Наступила минута молчания. Затем другая. Затем еще одна. Я занервничал — из того, зубами мной выгрызенного получаса уже добрая треть прошла, а они молчат! Ради чего я на похищение коллеги с рабочего места пошел? И если с ним-то, роботом застенчивым, мне все понятно — сидит, небось, минуты отсчитывает, чтобы немедленно вернуться к своим механизмам бесчувственным и искупить повышенной производительностью труда невольный прогул — то с какой стати Марина онемела, оказавшись лицом к лицу с источником своего презрения ко всей хранительной братии? У нее, что, только за глаза его честить смелости хватало или однажды сделанные ею выводы ни сомнению, ни корректировке не подлежат?
— Ну что ж, — словно услышав мой мысленный вопль, заговорила язвительно она, — похоже, на этом веку мне написано собирать ангельские критические замечания. Так что не стесняйтесь — Ваши претензии далеко не первыми в моей коллекции окажутся.
— Я не могу допустить даже мысли о каких бы то ни было претензиях с моей стороны, — забубнил ее бывший ангел, все также глядя себе на руки, сложенные на коленях, и вдруг поднял на нее усталые, болезненно прищуренные глаза: — Но, пользуясь случаем, я хотел бы извиниться перед Вами за то, что оказался неспособен разобраться во внутреннем конфликте, приведшем Вас к столь печальному концу. Это — самое меньшее и, пожалуй, единственное, что я могу сейчас сделать.
— Что значит — единственное? — мгновенно взвилась Марина. — Нет уж, Вы будьте любезны объясниться! Что, слишком неподатливой оказалась? Сколько ни наставляли на путь истинный, все равно сбилась с него по упрямому своеволию?
— Я бы не назвал Вас неподатливой, — опять вернулся он к своей монотонной манере разговора, — вся вина за случившееся лежит исключительно на мне. Ваша жизнь была настолько хорошо организованной, что в ней практически не оставалось места для какого бы то ни было морального дискомфорта, поэтому от меня и не требовалось никаких особых наставлений — разве что в редкие моменты Вашего раздражения, истинные причины которого я не сумел разглядеть.

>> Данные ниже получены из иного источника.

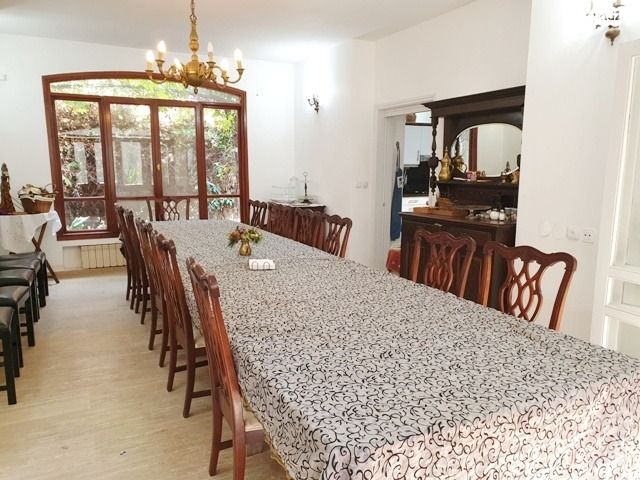 בית פרטי/ קוטג', סביון, סביון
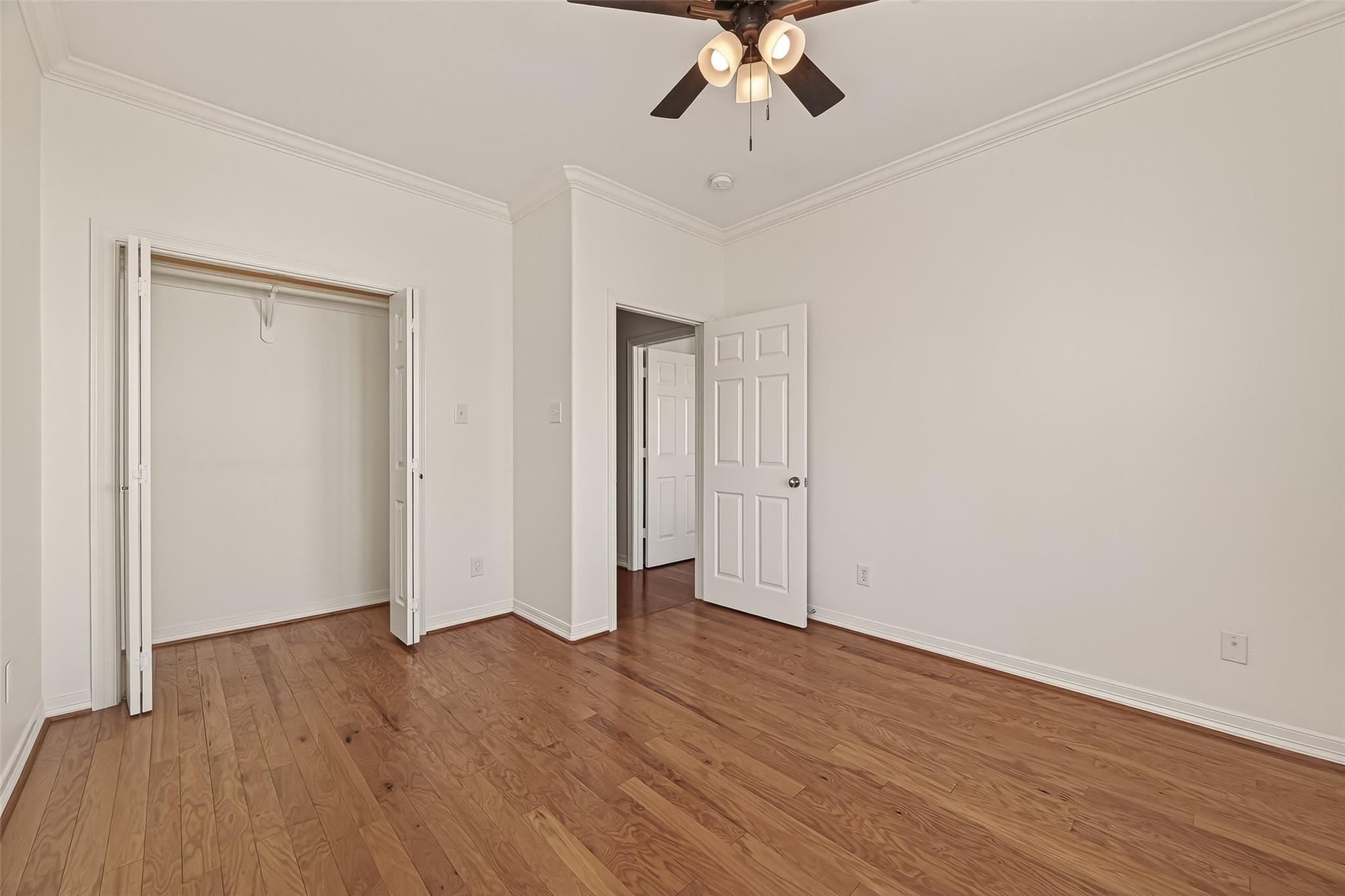 1408 W 25th Street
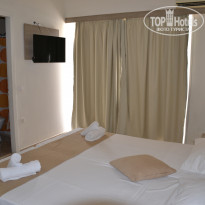 фото из отзыва ID 1835824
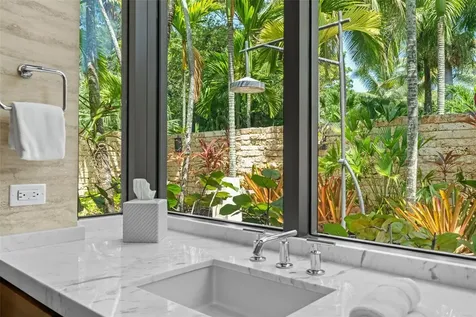 2200 Dorado Beach Drive Dorado PR 00646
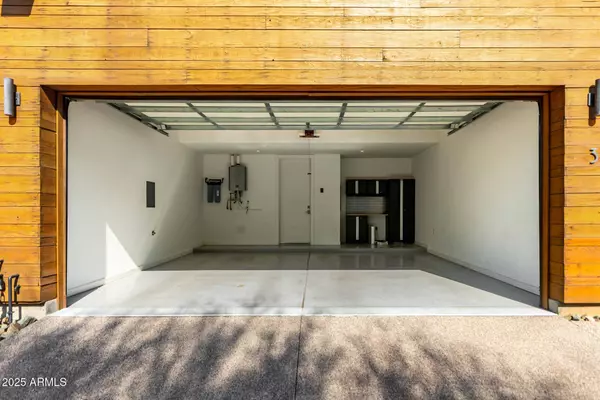 6525 E CAVE CREEK Road #3, Cave Creek, AZ 85331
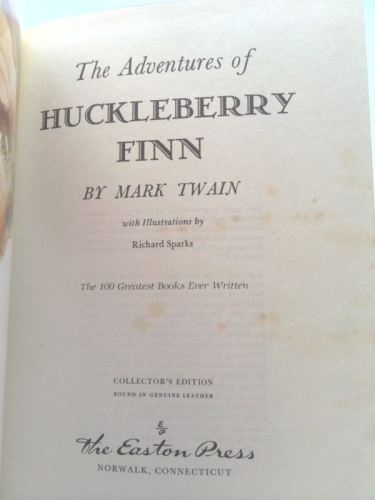 Actual Product Display 2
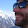 Ulrich Hochholdinger Ulrich Hochholdinger's profile photo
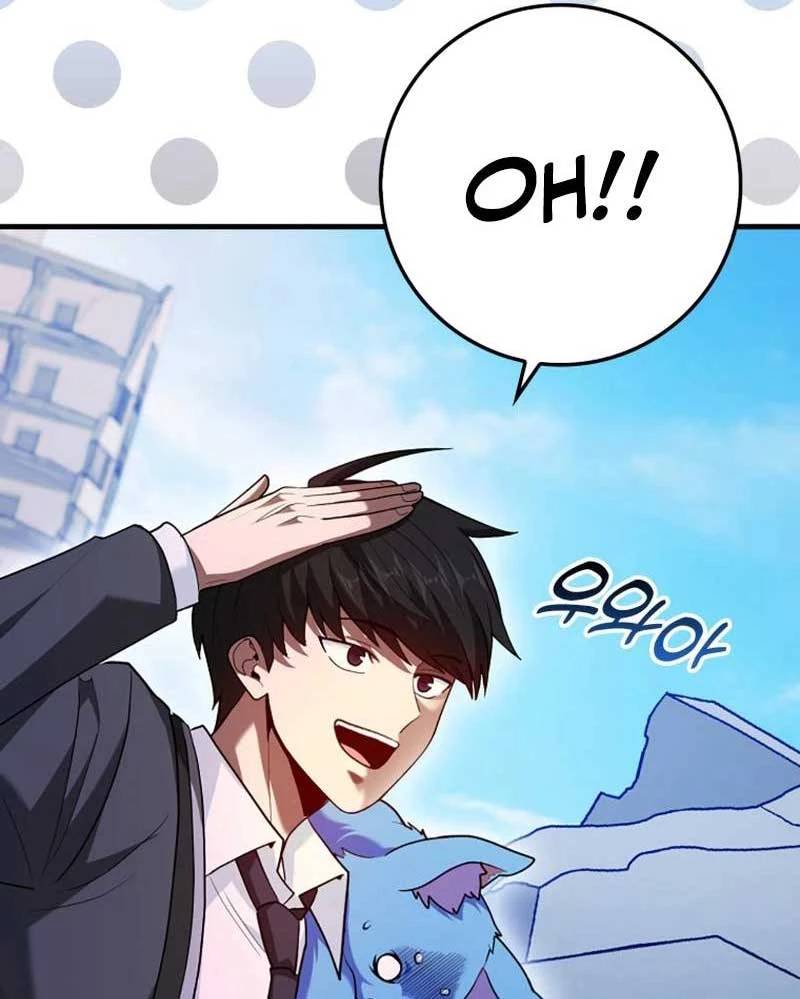 Thiên Tài Võ Thuật Hồi Quy - Chapter 55 - Page 104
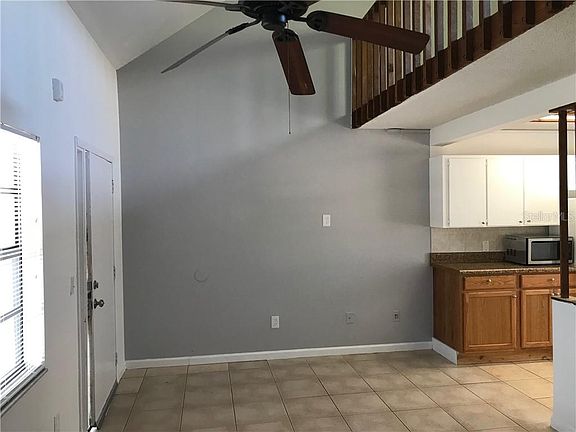 2nd image of 2142 Bradford St APT 301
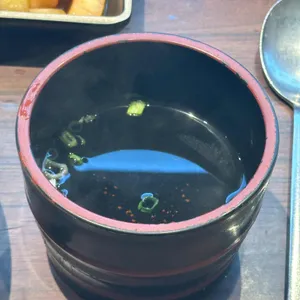 타쿠미 주방 대표 사진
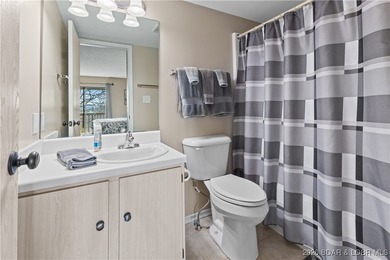 Welcome to the iconic Tan Tar A Estates, neighboring on The Oaks Golf Course in Missouri - for sale on GolfHomes.com, golf home, golf lot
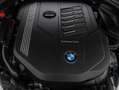 BMW 840 840iA Coupé M Sport Pro Negro - thumbnail 11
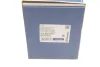 Насос ГПК VW LT/T4/Crafter 2.5TDI/ T5 1.9TI (-AC) 114 631 0010 MEYLE 114-631-0010 (фото 5)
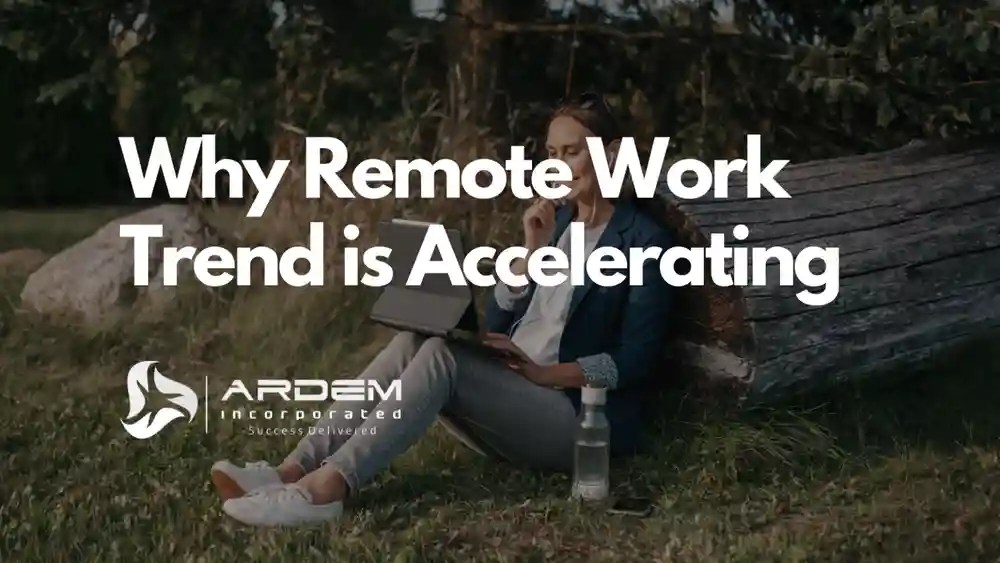remote work outsourcing data entry.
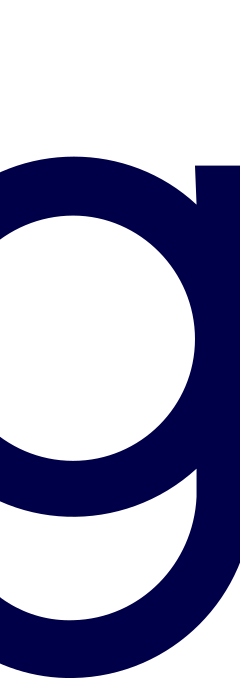 Customer logo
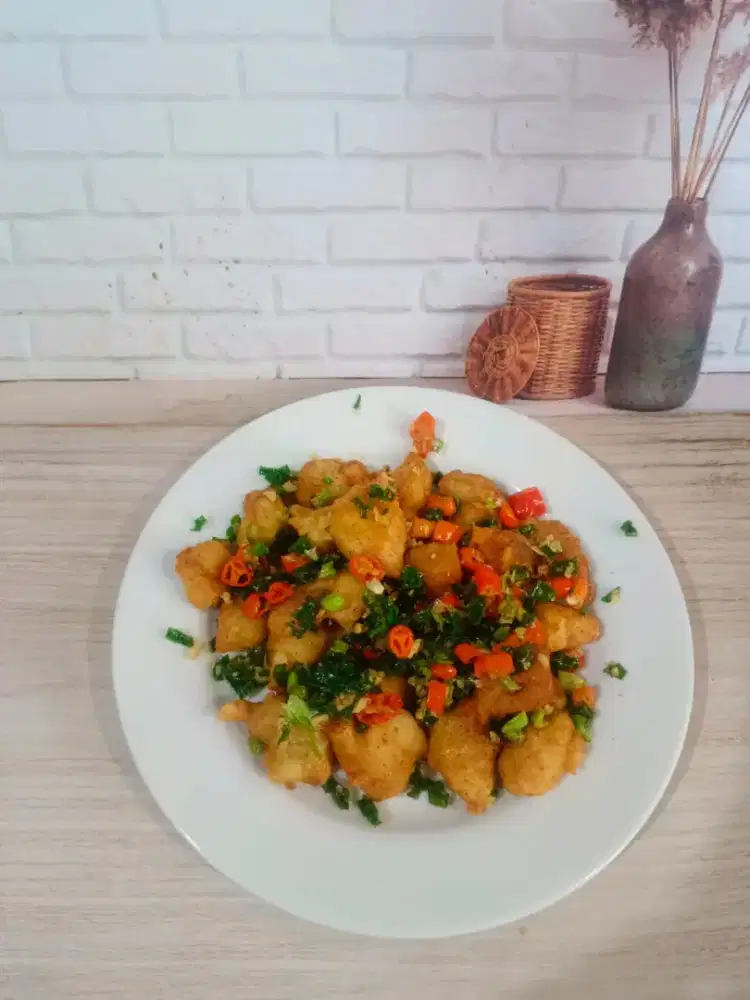 Wanita/Pria (17thn-30thn)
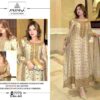 a 2024 05 03 18 33 13 anamsa hit design 443 fashid wholesale pakistani wholesaleprice 443.jpeg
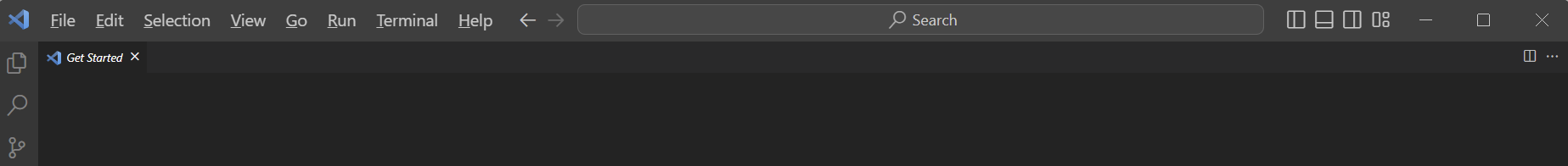Title bar change makes window hard to move · Issue #170192 · microsoft ...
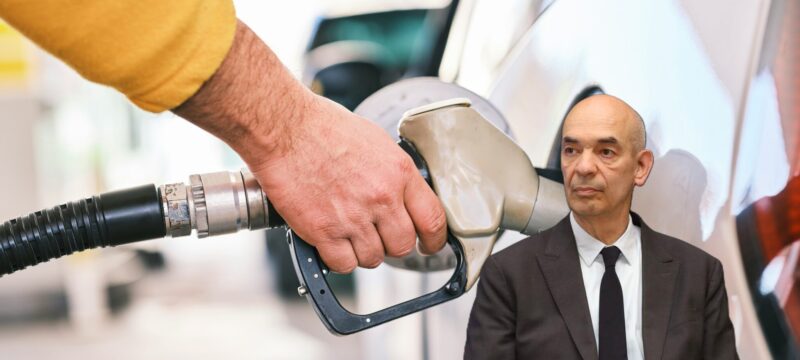 vafeadis-kafsima-2048×1152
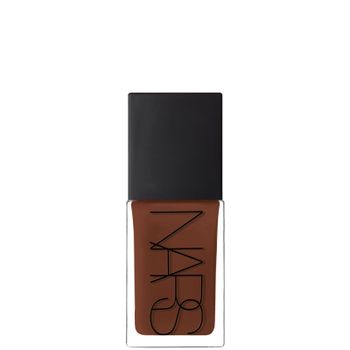 NARS Base de maquillaje Light Reflecting Foundation 30ml (Varios tonos) - Port Luis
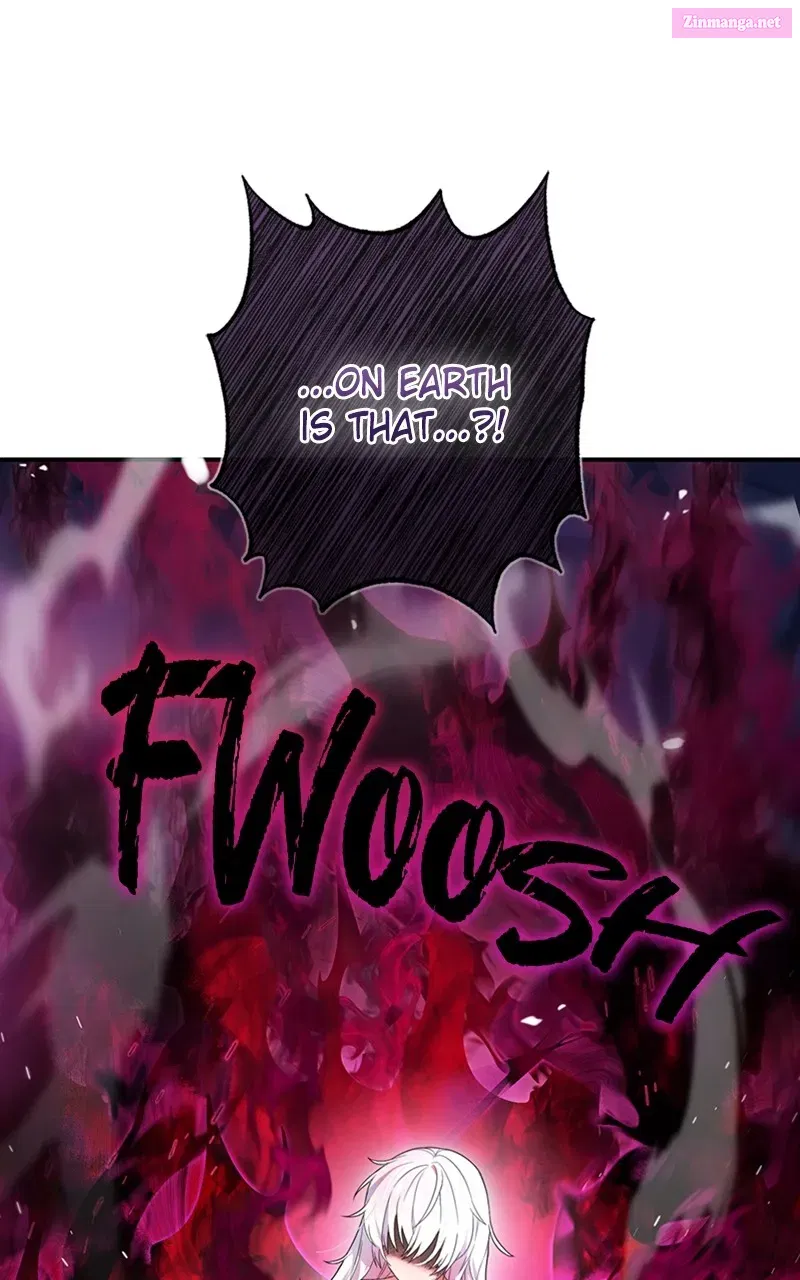 I Became a Level 999 Demon Queen Kainu Manga Chapter 1 Page 16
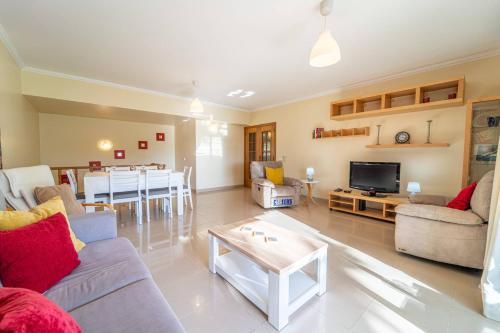 Blue Horizon Apartment by HelloVacations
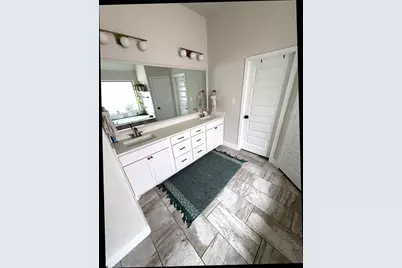 2231 Blackhawk Ridge Lane, Manvel, TX 77578 - Photo 7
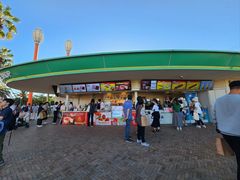 -三井奥特莱斯购物城(爵士之梦长岛店)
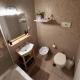 Suite Bravo en Almagro by Lamis Suites, Buenos Aires (photo 8)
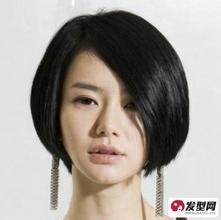 ���ڱ���������������ѵ��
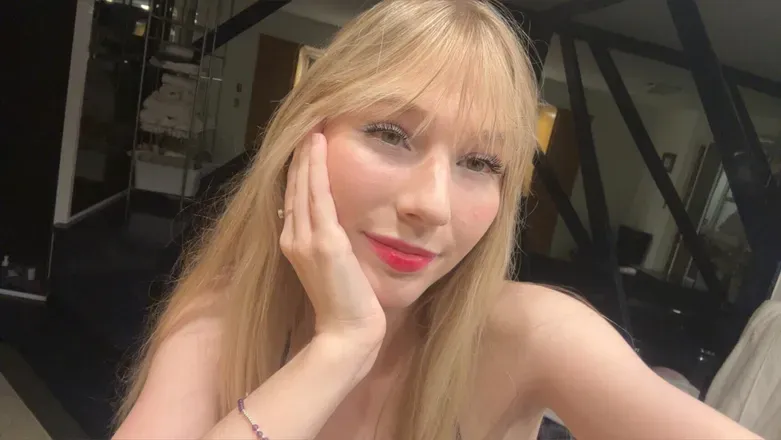 OnlyFans account  queen_lxna avatar 1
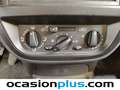 Citroen C3 1.1i Furio Gris - thumbnail 21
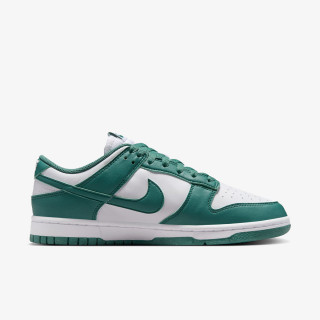 NIKE Tenisice Dunk Low 
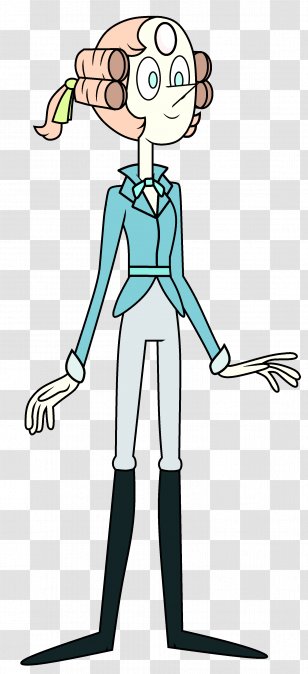 Pearl Chille Tid Peridot Gemstone Steven's Dream - Professional - Pearls Transparent PNG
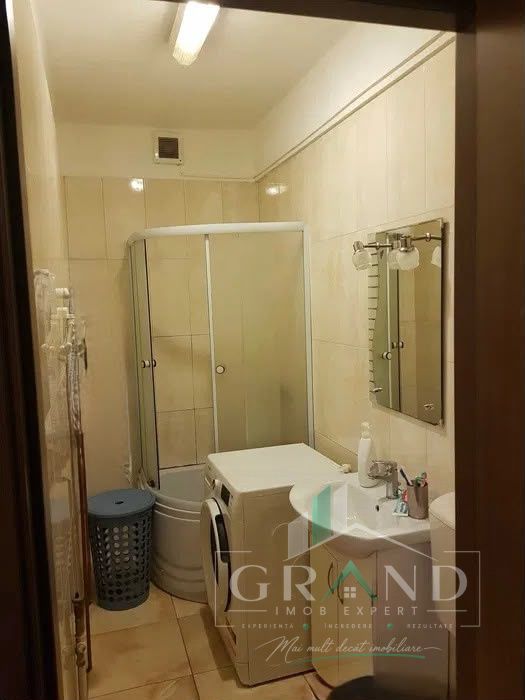 Apartament 2 camere, semicentral, Cluj-Napoca – fotografia 6 din 6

— Да неужели Вы не видели, что это не жизнь была, а пресс штамповочный, — со злостью бросила ему в лицо Марина, — в котором все, что за пределы образца выходит, безжалостно отрубается?
— Не видел, — признался он, еще ниже склонив голову. — Я попал к Вам за пять лет до… конца — к тому времени Ваша жизнь уже полностью сформировалась, и мне казалось, что она Вас вполне удовлетворяет, оставляя Вам массу времени для морального самосовершенствования. Главным ее средоточием была для Вас семья, в которой Вас окружали любящие, заботливые люди, на работе у Вас не было ни завистников, ни конфликтов…
— Конечно, не было, если мной все дырки затыкали! — фыркнула Марина.
— В каком смысле? — быстро спросил Стас, напряженно вглядываясь ей в лицо.
— А в том, что девочка на подхвате была! — процедила Марина сквозь зубы. — Никаких серьезных дел ей не поручали, не говоря уже о самостоятельном направлении работы — ей самовыражаться дома, на кухне велено было.
— И поскольку у Вас это никогда не вызывало протеста, — продолжил так, словно его и не прерывали, Маринин бывший ангел, — я счел это неоспоримым доказательством того, что Вы не подвержены болезни карьеризма и предпочитаете направить свои помыслы на поиски более высокого смысла жизни.